Monitoring Regulatory ProgressAdvisory Bodies Making Headway on Privacy, Security Issues
Of course, we don't know for sure if the advisers' recommendations will survive in the final version of regulations enacted by the Department of Health and Human Services. But there are some encouraging signs, including action that the Health IT Policy Committee took June 8 (see: Privacy Protection Steps Advance).
The committee recommended some preliminary "meaningful use" criteria for stage two of the HITECH Act electronic health records incentive program, including a requirement that participants verify how they're protecting stored information.
We'd still like to see more definitive mandates for the use of encryption, at least in certain cases, such as for data stored on mobile devices.
This "meaningful use" requirement on data storage would reinforce the HIPAA Security Rule, but it would not require the use of encryption in all cases. The Privacy and Security Tiger Team, which came up with the proposal, hopes that by calling attention to the issue of protecting stored data in the incentive program's stage two meaningful use requirements, it can "make a dent in the number of organizations that have to report breaches of data," said Deven McGraw, tiger team co-chair.

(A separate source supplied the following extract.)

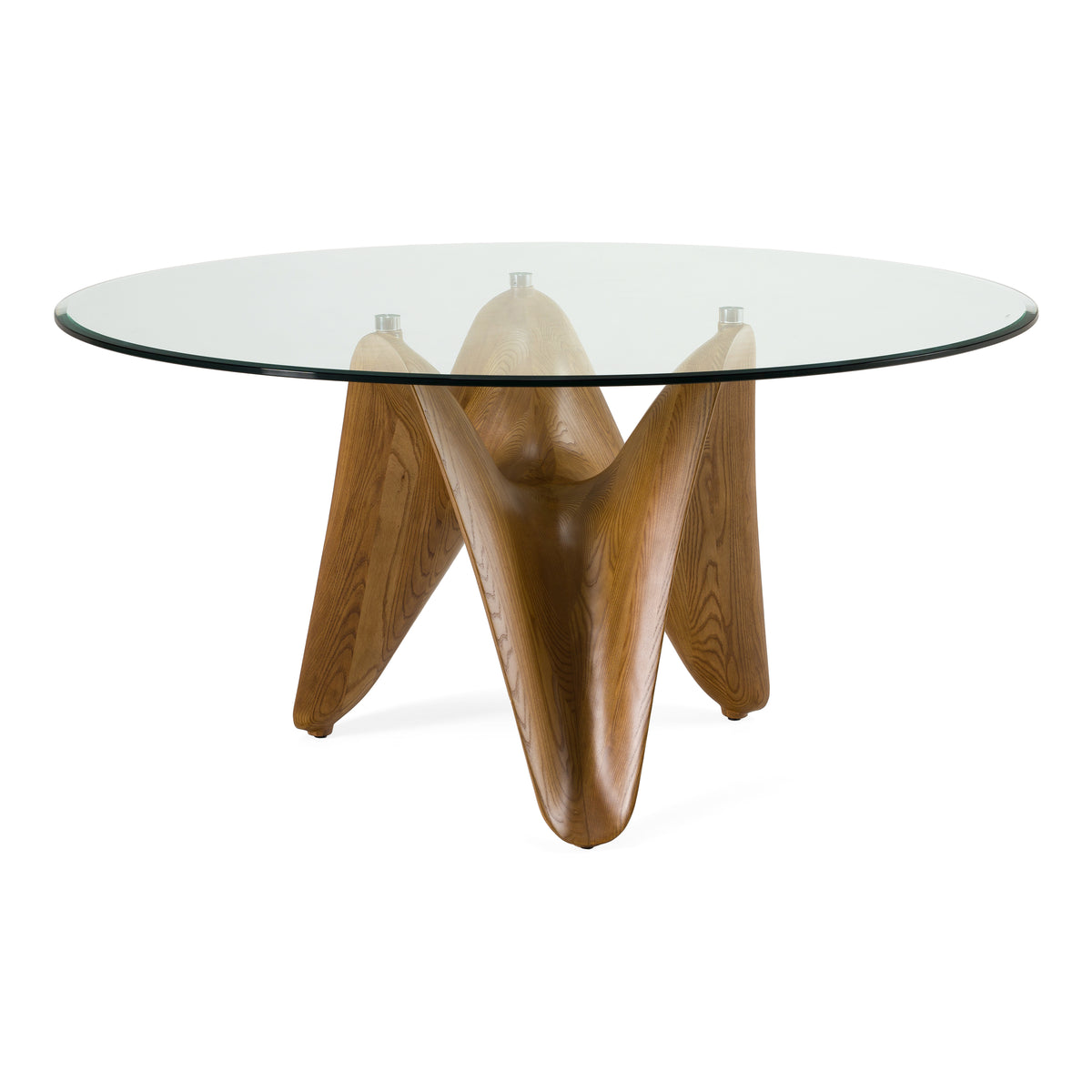 Seguin - Round Glass + Walnut Dining Table - View 2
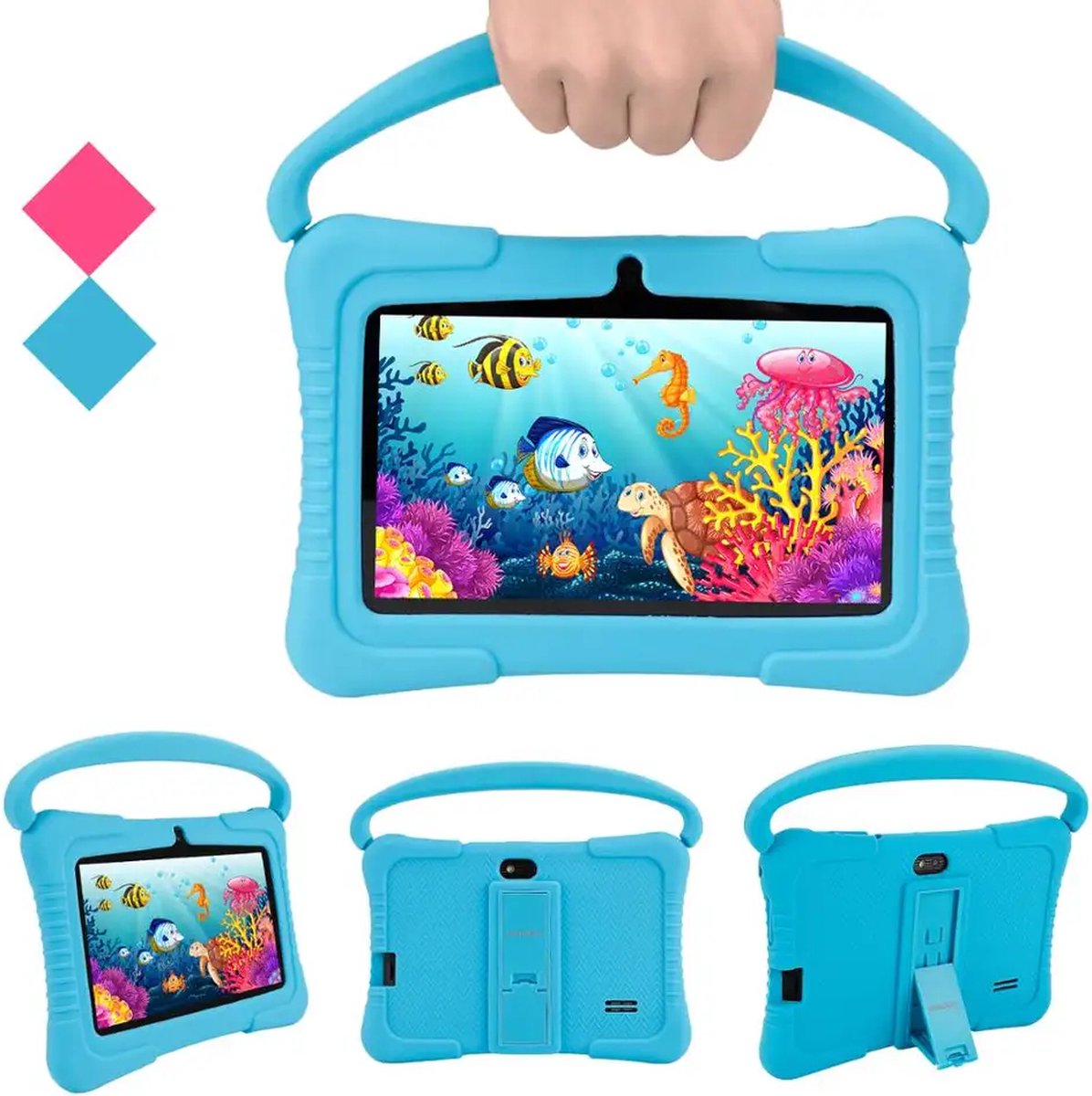 Yousupply Kindertablet - Tablet - 7 Inch - Nieuw model - Android 10.0 - Langdurig gebruik - Kids Proof - Alternatief Kurio - 16GB - Kindertablet vanaf 3 jaar - Kinder Tablet- Videoland - Netflix - Gratis Beschermende Hoes - Roze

The proposed requirement that recipients of EHR incentive dollars verify how they are protecting stored data is a nice start. But ultimately, we'd still like to see more definitive mandates for the use of encryption, at least in certain cases, such as for data stored on mobile devices.
Authentication IssuesThe HIT Policy Committee also recommended that all organizations participating in the Nationwide Health Information Network initiative should use digital certificates that meet authentication standards already required for federal agencies. That way, anyone exchanging information using the NwHIN "brand" can use just one certificate to share information, whether the recipient is a federal agency or a doctor down the block.
The committee advises HHS' Office of the National Coordinator for Health IT. ONC is working on a governance rule spelling out guidelines for participants in the NwHIN (see: Revised NHIN Governance Plan Advances). The certificate guidelines, originally drafted by the tiger team, would be included in that long overdue rule, which HHS will issue, hopefully, within the next few months.
McGraw noted at the June 8 HIT Policy Committee meeting that the tiger team would like the committee to consider a stage three EHR incentive program requirement that mandates compliance with the NwHIN governance policies once they're completed. Many of the tiger team's long list of recommendations ultimately could wind up in that governance rule.
It's certainly a good idea to include the tiger team's many recommendations for protecting privacy during health information exchange in the EHR incentive program rules as well as the NwHIN rule. That way, their importance will be greatly reinforced.
Meanwhile, the HIT Standards Committee soon will review a number of other tiger team recommendations for the EHR incentive program criteria, including authentication and audit trail standards for portals that patients can use to access their electronic health records. Hopefully those provisions, as well, will find their way into the final regulations.
By the way, HHS is slated to issue a proposed rule setting requirements for stage two of the EHR incentive program by year's end, with a final rule due by mid-2012.